* _Work required_: Copy out all of the data exactly as it appears.

Data in this exercise: Begin

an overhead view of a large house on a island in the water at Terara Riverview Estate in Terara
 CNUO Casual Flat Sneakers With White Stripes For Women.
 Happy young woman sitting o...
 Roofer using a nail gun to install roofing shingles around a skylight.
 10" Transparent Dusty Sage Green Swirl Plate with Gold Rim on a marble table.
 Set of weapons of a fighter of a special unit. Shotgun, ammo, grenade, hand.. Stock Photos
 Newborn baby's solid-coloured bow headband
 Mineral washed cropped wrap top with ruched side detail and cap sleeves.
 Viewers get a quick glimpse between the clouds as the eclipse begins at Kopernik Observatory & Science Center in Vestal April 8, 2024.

Data in this exercise: End

* _Response_:
an overhead view of a large house on a island in the water at Terara Riverview Estate in Terara
 CNUO Casual Flat Sneakers With White Stripes For Women.
 Happy young woman sitting o...
 Roofer using a nail gun to install roofing shingles around a skylight.
 10" Transparent Dusty Sage Green Swirl Plate with Gold Rim on a marble table.
 Set of weapons of a fighter of a special unit. Shotgun, ammo, grenade, hand.. Stock Photos
 Newborn baby's solid-coloured bow headband
 Mineral washed cropped wrap top with ruched side detail and cap sleeves.
 Viewers get a quick glimpse between the clouds as the eclipse begins at Kopernik Observatory & Science Center in Vestal April 8, 2024.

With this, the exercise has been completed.